I'm like you. My investment property is currently a 30yrs 6.5% loan that I'm doing refi to 15yrs 3.5% loan. The monthly payment is exactly the same but I pay off the property many years earlier thus saving $100K+ in interest. Now if they reject my refi, then I'd pull out cash to completely pay off the house, which at 6.5% interest if paid off is a like a guaranteed 10% stock market return for many years. It looks like Obama want and eventually will limit all deduction (including mortgage) for higher income earners anyway... the sooner you pay it off the better.
My cpa advised me that I should pay off the mortgage on the primary home first. According to him, if I pay off the mortgage on the rental properties first, then I will have no deductions and this will result in a higher capital gain tax. My cpa also advised me to take out the home equity loan from my primary house to buy more investment properties but I decide not to take the additional risk because I don't want to work forever to pay down the debts.that's interesting, is it because of a mortgage interest deduction on the investment property?
part of me would opt to put my IPs on 15yr notes just to build the equity that much faster and increase profit should i choose to unload them. then again, i'm no cpa...and i'll hire one just as you have to advise me.

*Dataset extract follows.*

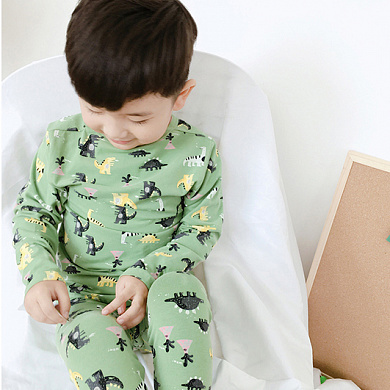 Пижама для мальчика - Динозавры на зеленом
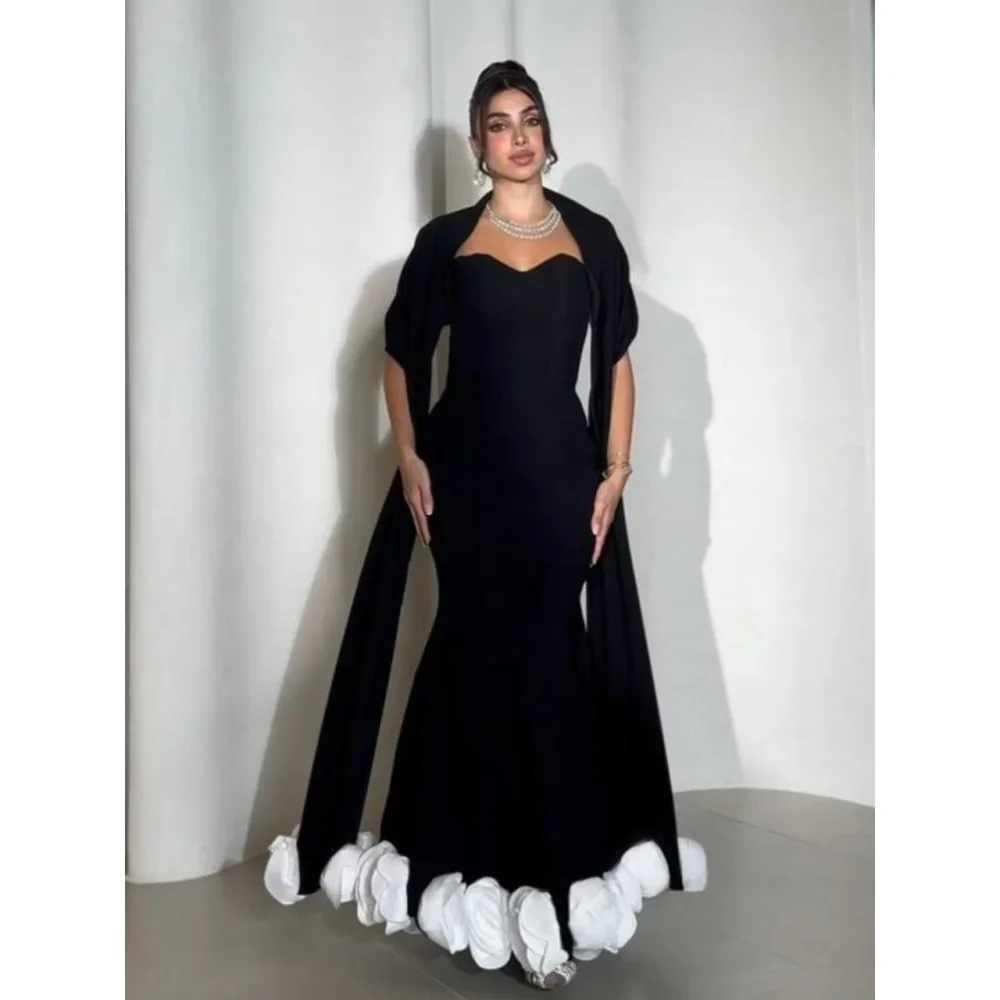 Customized Black Sweetheart Evening Dresses/Bridal Wedding Party Girl Prom Gowns Fashion Mermaid Flower Pleated Floor-Length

technically you may have an idea how much you want to work, if you reach 10 paid properties it doesn't matter how bad the economy or inflation is rent will always pay you back and will replace your salary without lifting a finger. 10 properties lets say they are worth less than 150k each they rent for 1300 to 1600 and if you imagine them paid off you only have to pay taxes and insurance which will be less than $500 a month. You will average out 10 to 12k a month clean and that money is investable more profitable since you only have to pay half the taxes than you would on your salary, there are even loop holes if you put all those houses in a corporation and before each year's end you add another property into your portfolio you will end paying nothing or almost nothing since you are putting that money towards another investment within the year, if you don't then you pay taxes on your earnings. Talk to an accountant. Yea, I wouldn't take loan on my primary house, that should be paid off not getting loans from! specially if you are making a lot of money. If don't make a lot of money say $50k a year then you can do it and you risk less than someone having a million dollar that could be lost in a blink of an eye.